Monday, June 13, 2016

The Dark Side of Richard Nixon and Henry Kissinger: Seymour Hersh Interview (1983)



Published on 13 Jul 2013
The term Watergate has come to encompass an array of clandestine and often illegal activities undertaken by members of the Nixon administration. Those activities included "dirty tricks" such as bugging the offices of political opponents and people of whom Nixon or his officials were suspicious. Nixon and his close aides ordered harassment of activist groups and political figures, using the FBI, CIA, and the Internal Revenue Service. The activities became known after five men were caught breaking into Democratic party headquarters at the Watergate complex in Washington, D.C. on June 17, 1972. The Washington Post picked up on the story; reporters Carl Bernstein and Bob Woodward relied on an informant known as "Deep Throat"—later revealed to be Mark Felt, associate director at the FBI—to link the men to the Nixon administration. Nixon downplayed the scandal as mere politics, calling news articles biased and misleading. As a series of revelations made it clear that Nixon aides had committed crimes in attempts to sabotage the Democrats and others, senior aides such as White House Counsel John Dean and Chief of Staff H. R. Haldeman faced prosecution.[104][194][195]

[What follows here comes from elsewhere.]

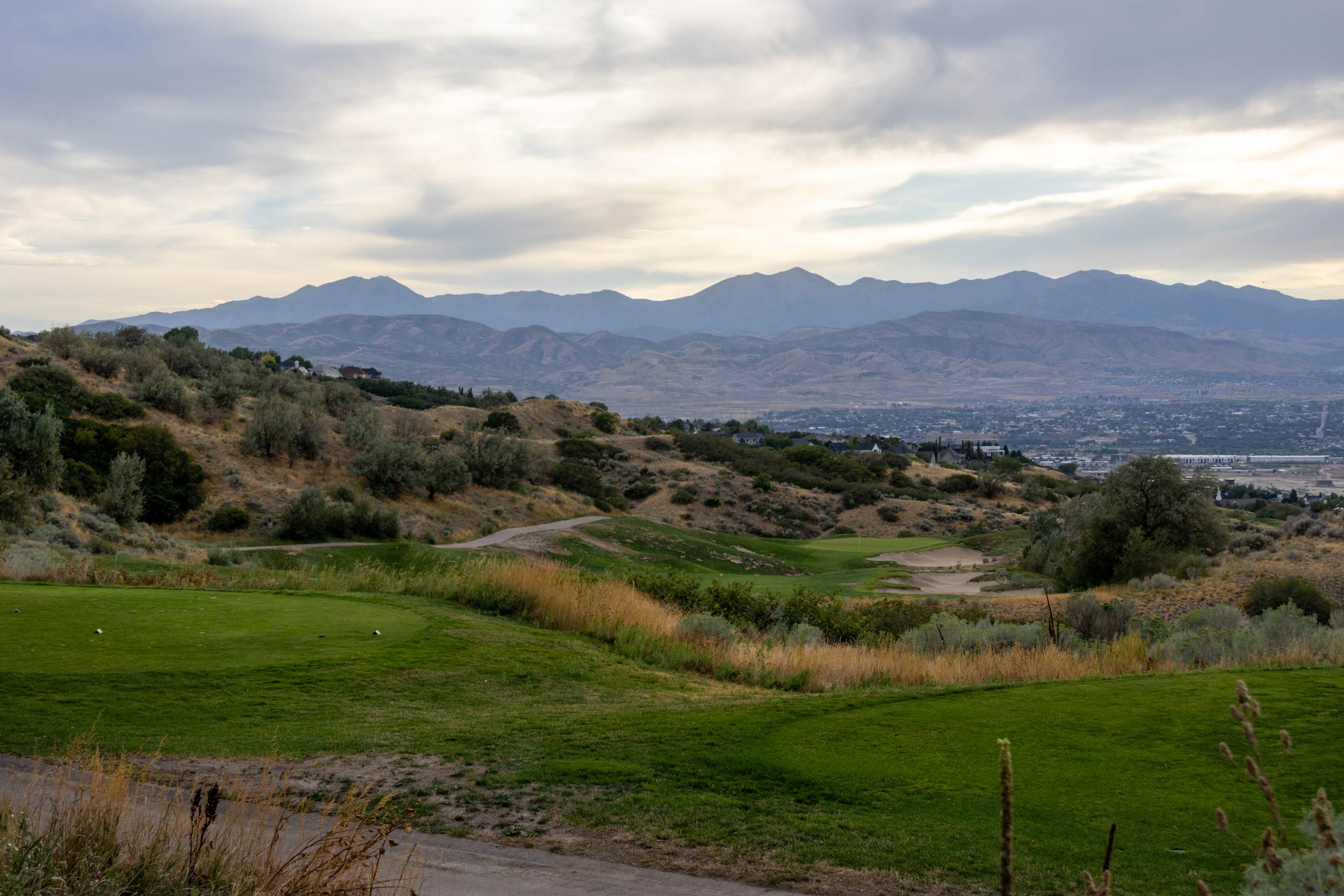 A golf course landscape with hills and trees at South Mountain golf course in Salt Lake City.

In July 1973, White House aide Alexander Butterfield testified that Nixon had a secret taping system that recorded his conversations and phone calls in the Oval Office. These tapes were subpoenaed by Watergate Special Counsel Archibald Cox. Nixon refused to release them, citing executive privilege. With the White House and Cox at loggerheads, Nixon had Cox fired in October in the "Saturday Night Massacre"; he was replaced by Leon Jaworski. In November, Nixon's lawyers revealed that an audio tape of conversations, held in the White House on June 20, 1972, featured an 18½ minute gap.[195] Rose Mary Woods, the President's personal secretary, claimed responsibility for the gap, alleging that she had accidentally wiped the section while transcribing the tape, though her tale was widely mocked. The gap, while not conclusive proof of wrongdoing by the President, cast doubt on Nixon's statement that he had been unaware of the cover-up.[196]